Bye Bye Filistin – Olay-masalları – Blog

dunyadan

Aktif Üye
Münih Güvenlik Konferansı’ndan Filistinlilere kötü haber Konferans boyunca hakim olan ruh hali, umutsuzluk, kafa karışıklığı ve savaş rüzgarlarının Libya’da olduğu kadar Suriye’de de sert estiği duygusuydu. Hilafet ve İslam Devleti, Suriye ve mülteciler, Rusya’nın Ukrayna’daki saldırganlığı dünya düzeni için bir tehdit oluşturuyor, Ramallah’tan çok Kudüs’te olanlar değil. Filistin meselesi 51 konferans panelinin hiçbirinin gündeminde yer almadı, sadece İsrail Savunma Bakanı Moşe Yaalon’un konuşmasında değindi. Münih Güvenlik Konferansı, diplomasi ve uluslararası ilişkilerdeki eğilimlerin bir ölçüsü ise, 2016’da Filistinlilerin artık kimseyi ilgilendirmediği söylenebilir, Abu Mazen ve PNA. Avrupalıların çok daha acil ve önemli başka sorunları var.

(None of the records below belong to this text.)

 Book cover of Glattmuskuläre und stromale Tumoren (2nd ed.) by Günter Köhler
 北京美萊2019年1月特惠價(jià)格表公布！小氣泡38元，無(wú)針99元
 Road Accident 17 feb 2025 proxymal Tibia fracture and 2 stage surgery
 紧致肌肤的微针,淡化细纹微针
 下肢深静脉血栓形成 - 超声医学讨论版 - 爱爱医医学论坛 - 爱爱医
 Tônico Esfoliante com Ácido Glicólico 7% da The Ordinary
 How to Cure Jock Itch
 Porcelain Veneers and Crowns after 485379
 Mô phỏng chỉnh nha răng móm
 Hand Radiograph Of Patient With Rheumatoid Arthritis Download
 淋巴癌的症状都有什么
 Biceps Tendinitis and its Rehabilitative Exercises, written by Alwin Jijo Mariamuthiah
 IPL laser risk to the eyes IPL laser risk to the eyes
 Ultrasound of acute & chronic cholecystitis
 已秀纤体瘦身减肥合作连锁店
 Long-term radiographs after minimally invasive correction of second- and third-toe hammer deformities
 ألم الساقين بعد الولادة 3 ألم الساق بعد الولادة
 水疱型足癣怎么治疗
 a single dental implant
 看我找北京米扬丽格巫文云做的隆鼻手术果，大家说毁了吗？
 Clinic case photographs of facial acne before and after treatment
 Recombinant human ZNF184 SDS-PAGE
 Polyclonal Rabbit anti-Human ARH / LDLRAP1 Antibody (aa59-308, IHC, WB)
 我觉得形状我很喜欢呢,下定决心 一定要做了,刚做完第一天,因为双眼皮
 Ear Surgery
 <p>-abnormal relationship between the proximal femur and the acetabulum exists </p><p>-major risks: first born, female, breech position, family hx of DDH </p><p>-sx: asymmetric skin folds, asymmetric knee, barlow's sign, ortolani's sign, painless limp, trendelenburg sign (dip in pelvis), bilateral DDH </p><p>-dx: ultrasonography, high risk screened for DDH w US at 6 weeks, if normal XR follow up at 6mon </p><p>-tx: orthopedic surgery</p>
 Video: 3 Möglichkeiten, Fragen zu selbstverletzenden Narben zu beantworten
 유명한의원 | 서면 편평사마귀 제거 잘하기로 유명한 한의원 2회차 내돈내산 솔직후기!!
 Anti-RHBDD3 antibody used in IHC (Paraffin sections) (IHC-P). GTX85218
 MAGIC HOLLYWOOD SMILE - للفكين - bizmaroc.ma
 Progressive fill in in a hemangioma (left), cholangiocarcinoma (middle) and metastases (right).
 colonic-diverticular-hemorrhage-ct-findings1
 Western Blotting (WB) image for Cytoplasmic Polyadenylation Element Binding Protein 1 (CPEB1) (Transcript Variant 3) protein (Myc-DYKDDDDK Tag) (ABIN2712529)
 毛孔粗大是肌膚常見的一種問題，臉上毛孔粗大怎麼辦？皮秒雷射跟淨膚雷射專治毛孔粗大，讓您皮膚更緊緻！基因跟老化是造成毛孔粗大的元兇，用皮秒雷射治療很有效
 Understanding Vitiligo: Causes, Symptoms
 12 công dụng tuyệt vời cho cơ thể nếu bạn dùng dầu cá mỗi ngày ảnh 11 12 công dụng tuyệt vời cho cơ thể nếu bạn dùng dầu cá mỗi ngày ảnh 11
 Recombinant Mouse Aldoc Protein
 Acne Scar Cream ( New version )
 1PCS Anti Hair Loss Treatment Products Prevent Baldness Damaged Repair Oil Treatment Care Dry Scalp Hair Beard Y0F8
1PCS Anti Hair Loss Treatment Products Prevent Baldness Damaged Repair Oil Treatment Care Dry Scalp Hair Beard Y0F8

Son 5 yılda evrilen yeni dünyada, bırakın Amerika Birleşik Devletleri’ni, Eski Kıta’daki herhangi birinin nasıl olup da İsrail’e yeniden başlaması için gerçek baskı uygulamak için zamanı, kaynakları veya arzusu olduğunu anlamak zor. barış görüşmeleri her geçen gün anlamını yitirmektedir. İki devletli çözüm – son iki yıldır “Haber”da yazıldığı gibi – öldü, Filistin sorunu, birlikte yaşanabilecek “düşük yoğunluklu” bir çatışma içinde, tarihin gölge konisine giriyor. Sadece döngüsel şiddet patlamalarını takip edin. Amerika Birleşik Devletleri’nin bunu anlaması biraz zaman aldı, ama sonunda “New York Times”ın mükemmel yorumcusu bile sonunda bunu fark etti. Bay Thomas Friedman kulübüne hoş geldiniz.
Avrupa’nın lokmayı sindirmesi daha zor. Oslo barışından bu yana yirmi yıl geçti, “artık uygulanamaz” olduğu ancak şimdi ortaya çıkan bir çözümü desteklemek için on milyarlarca dolar ve avroyla birlikte rüzgara savruldu. Avrupa yardımının en saçma örneği? Filistin Turist Polisinin oluşumu. Tüm arkeolojik kalıntıların, hala tamamen İsrail’in kontrolü altında olan – 500.000 yerleşimcinin yaşadığı – ve Benjamin Netanyahu hükümetinin PNA’ya geri dönmeye niyeti olmadığı “C bölgesinde” bulunması üzücü. Ya da son altı yılda dönüşümlü olarak Filistinlilerin Anayasalarını hazırlamalarına “yardım etmek” için -yüksek maaşlar alan- yüzlerce Avrupalı hukukçu, onca çalışmadan sonra hala kesin bir taslağı olmayan Anayasa. Para nehirleri sorunu çözmeye değil -Filistinliler ihracat yapamıyorlarsa McKinsey’i ticaret üzerine bir araştırma yapması için aramanın faydası yok- ama maaşları dağıtmaya, barışta ilerleme sağlanamamasından kaynaklanan gerilimi hafifletmeye yönelik proje ve programları finanse ederek bölgede bir uygulama asla bulamayacak. Çünkü Filistinlilerin o bölge üzerinde herhangi bir kontrolü yok ve olmayacak.